Records from a collection:
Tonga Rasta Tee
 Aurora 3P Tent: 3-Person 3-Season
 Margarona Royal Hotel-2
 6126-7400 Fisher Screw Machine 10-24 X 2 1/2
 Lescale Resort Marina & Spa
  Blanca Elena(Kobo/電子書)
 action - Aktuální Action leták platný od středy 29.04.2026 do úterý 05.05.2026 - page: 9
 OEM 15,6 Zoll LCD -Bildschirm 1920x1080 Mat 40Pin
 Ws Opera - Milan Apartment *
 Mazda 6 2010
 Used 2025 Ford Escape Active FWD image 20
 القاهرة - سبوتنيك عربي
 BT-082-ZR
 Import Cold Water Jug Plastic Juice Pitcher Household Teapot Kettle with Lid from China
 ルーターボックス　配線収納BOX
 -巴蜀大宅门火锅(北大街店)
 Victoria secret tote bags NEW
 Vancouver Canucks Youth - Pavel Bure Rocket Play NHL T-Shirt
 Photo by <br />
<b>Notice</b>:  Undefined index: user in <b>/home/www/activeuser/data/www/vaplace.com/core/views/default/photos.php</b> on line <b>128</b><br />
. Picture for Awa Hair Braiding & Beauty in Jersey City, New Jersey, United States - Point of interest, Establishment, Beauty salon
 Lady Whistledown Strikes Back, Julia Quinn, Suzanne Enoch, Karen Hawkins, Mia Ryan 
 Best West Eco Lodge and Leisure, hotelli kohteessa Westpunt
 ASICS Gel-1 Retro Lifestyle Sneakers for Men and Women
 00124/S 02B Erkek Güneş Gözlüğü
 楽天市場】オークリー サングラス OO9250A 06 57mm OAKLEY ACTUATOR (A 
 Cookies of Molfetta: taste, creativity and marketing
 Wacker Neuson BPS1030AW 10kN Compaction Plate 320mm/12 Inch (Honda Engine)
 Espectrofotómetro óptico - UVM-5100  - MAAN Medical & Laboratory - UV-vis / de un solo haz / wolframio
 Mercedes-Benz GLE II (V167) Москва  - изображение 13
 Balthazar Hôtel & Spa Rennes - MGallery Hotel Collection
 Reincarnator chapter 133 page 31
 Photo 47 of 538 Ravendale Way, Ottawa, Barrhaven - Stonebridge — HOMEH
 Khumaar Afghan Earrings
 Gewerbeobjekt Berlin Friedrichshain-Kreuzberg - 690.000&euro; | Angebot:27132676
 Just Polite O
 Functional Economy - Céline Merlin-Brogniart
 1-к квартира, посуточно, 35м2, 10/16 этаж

**EXERCISE:** Once you find the line containing "Espectrofotómetro óptico - UVM-5100", copy it and every line after it through the end of the records, exactly as they stand.

**RESPONSE TO THIS TASK:**
 Espectrofotómetro óptico - UVM-5100  - MAAN Medical & Laboratory - UV-vis / de un solo haz / wolframio
 Mercedes-Benz GLE II (V167) Москва  - изображение 13
 Balthazar Hôtel & Spa Rennes - MGallery Hotel Collection
 Reincarnator chapter 133 page 31
 Photo 47 of 538 Ravendale Way, Ottawa, Barrhaven - Stonebridge — HOMEH
 Khumaar Afghan Earrings
 Gewerbeobjekt Berlin Friedrichshain-Kreuzberg - 690.000&euro; | Angebot:27132676
 Just Polite O
 Functional Economy - Céline Merlin-Brogniart
 1-к квартира, посуточно, 35м2, 10/16 этаж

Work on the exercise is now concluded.